The first part of the rates, the so-called Bartle Wells structure, is straightforward and easy to understand. It almost certainly complies with Prop. 218’s “proportionality” rule, where everyone pays their fair share and no one is required to pay more than what it costs the city to actually deliver the water to their property.
Conversely, the four-year and eight-month reign of the onerous consumption-based fixed rate, which charges nearly six times more for “summer” (May 1 through Oct. 31) water use than for “winter” (Nov. 1 through April 30) water use, fails the proportionality test unless the city can prove it truly costs six times as much to deliver water in the summer as it does in the winter. Put simply, it can’t.
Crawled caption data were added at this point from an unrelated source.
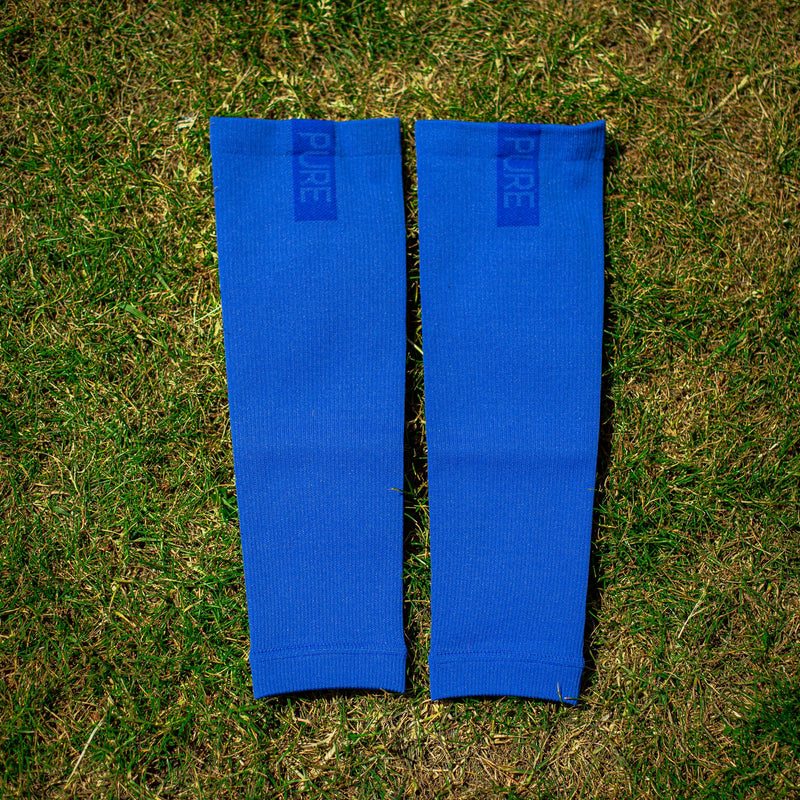 Load image into Gallery viewer, Pure Sleeves Solid Royal Blue Stealth
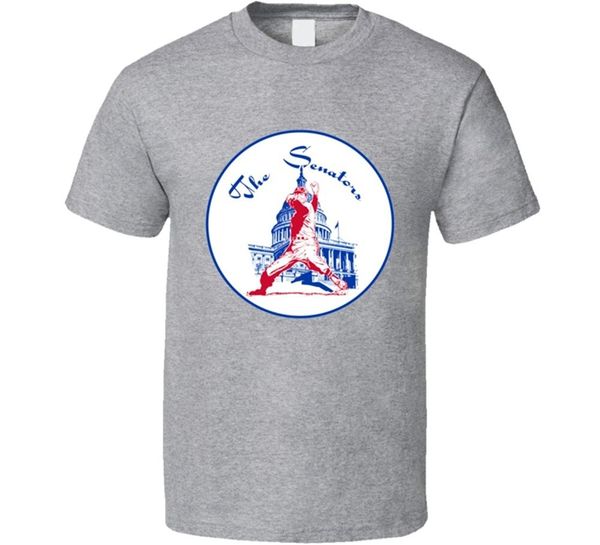 Новые 2018 Вашингтон Сенаторы Ретро Бейсбольная команда Футболка Брендовая одежда
Новые 2018 Вашингтон Сенаторы Ретро Бейсбольная команда Футболка Брендовая одежда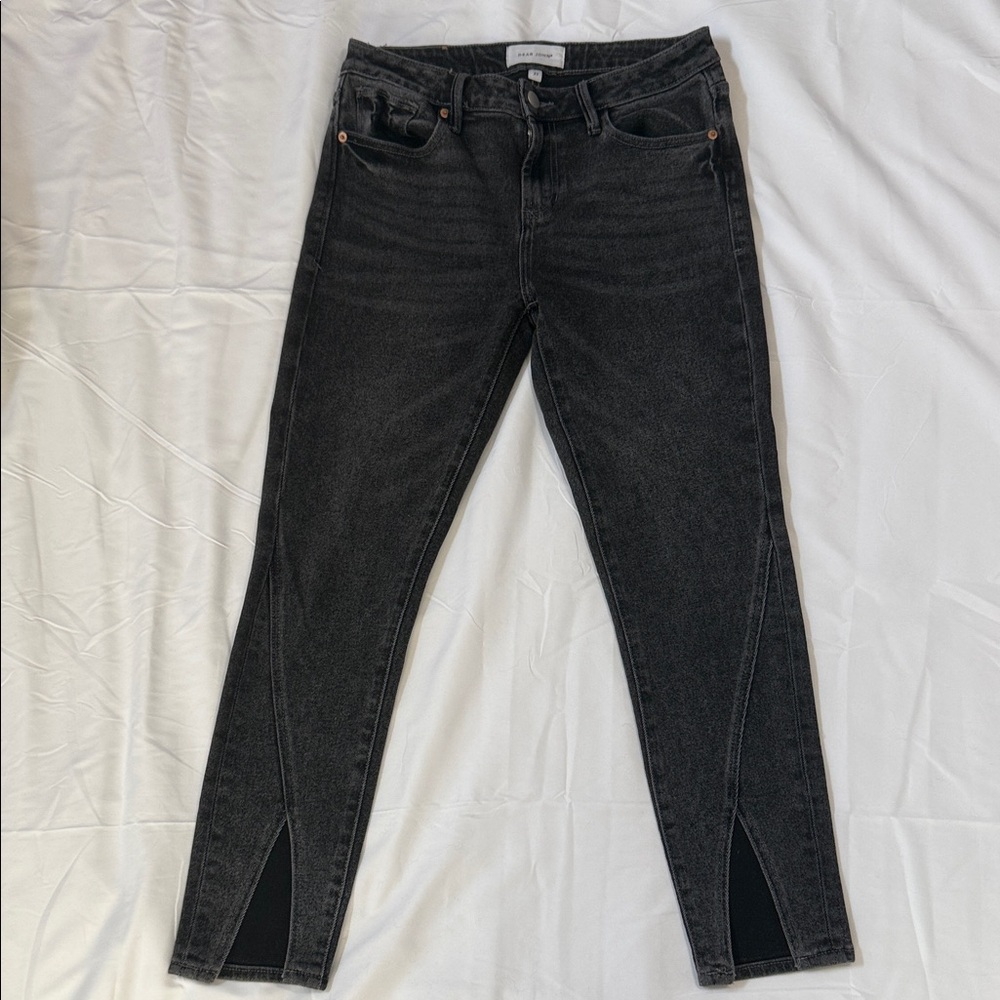Dear John Women's Dark Gray Skinny Jeans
Woodland, by the way, our swimming buddy in all this, has already raised its rates to pay for the project and charges the exact same rate to its water customers year-round. Bless me Father, I never thought I’d say this, but Woodland is on the right track here and we aren’t.
Under the CBFR, you will be charged 13 times for every drop of water you use during the six-month Endless Summer. Once when you actually use it, and once a month in every single month of the entire next year. Twelve plus one equals 13.
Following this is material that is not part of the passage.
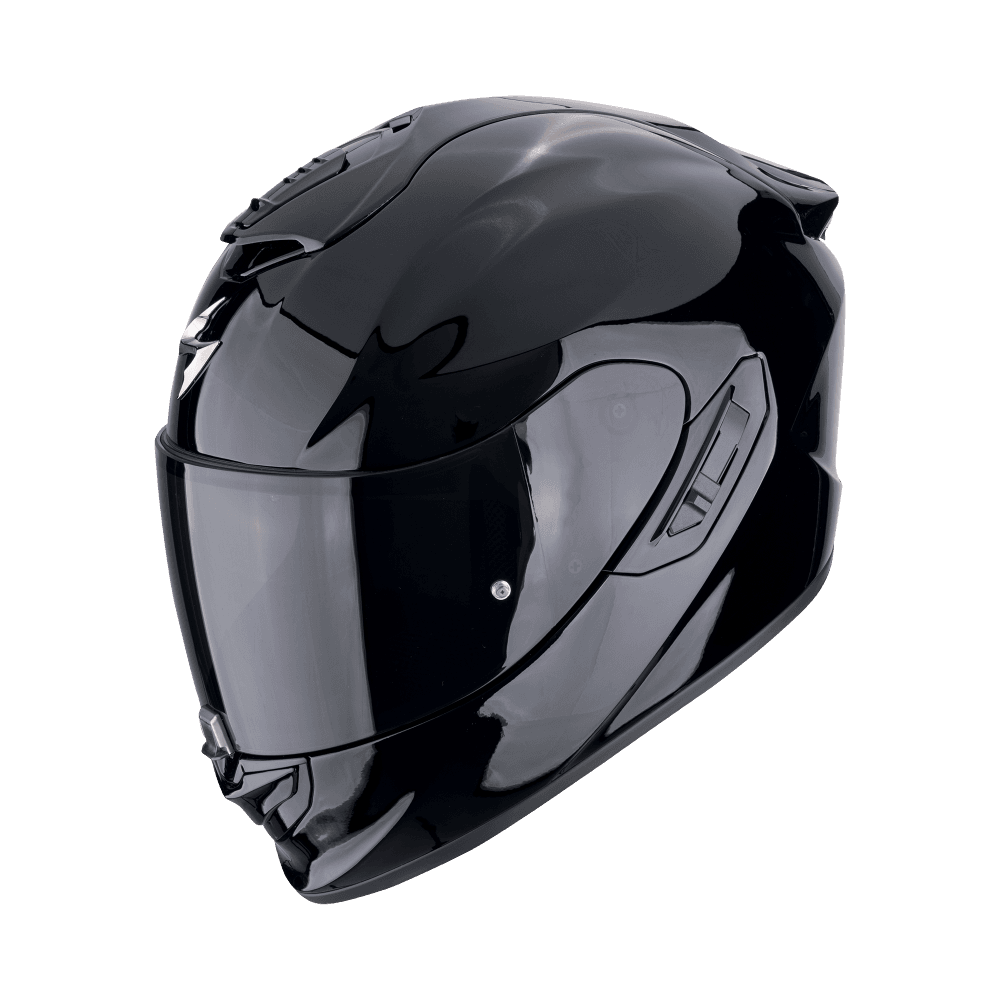 Moto přilba SCORPION EXO-1400 EVO II AIR solid černá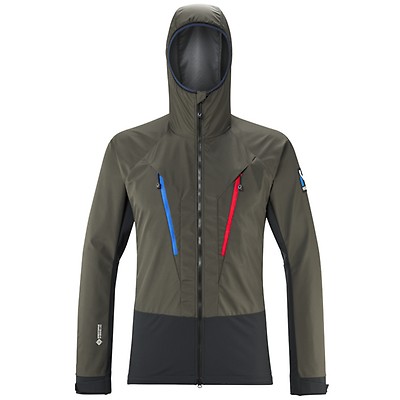 K-Way Men's Arctic Softshell Hybrid Jacket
Put simply — and you may wish to sit down with a tall drink of something other than Davis tap water to digest this — the water you use on May 1 of 2014 will still be showing up on your bill in December of 2015, a full 20 months later. If that’s not bizarre, I don’t know what is.
Our own state senator, Lois Wolk, who is well-known for her dedicated efforts in regard to water quality, water conservation and fair pricing, authored AB 2882, which became law in September 2008. It deals primarily with the admirable goal of water conservation.
In part, it requires that “A basic use allocation is established for each customer account that provides a reasonable amount of water for the customer’s needs and property characteristics. Factors used to determine the basic use allocation may include, but are not limited to, the number of occupants, the type of classification of use, the size of lot or irrigated area, and the local climate data for the billing period.”
Although it is only strongly suggested and not mandated by AB 2882, the city nevertheless chose to ignore both the number of occupants and the size of one’s lot in setting its rate structure.
AB 2882 further notes that “Revenues derived from allocation-based conservation water pricing shall not exceed the proportional cost of service attributable to the customer’s parcel.”
In other words, you can’t charge the customer more than it actually costs to deliver the water to his or her residence. Charging this town’s green gardeners and landscape lovers six times more for “summer” water than winter water does just that.
Lois claims otherwise. I disagree.
But I’ll still vote for her when she finally takes my advice and runs for governor after Mr. Brown decides he’s had enough of California politics.
Unless, of course, Danny Boy beats mom to the punch and does it first, in which case I’ll vote for him instead.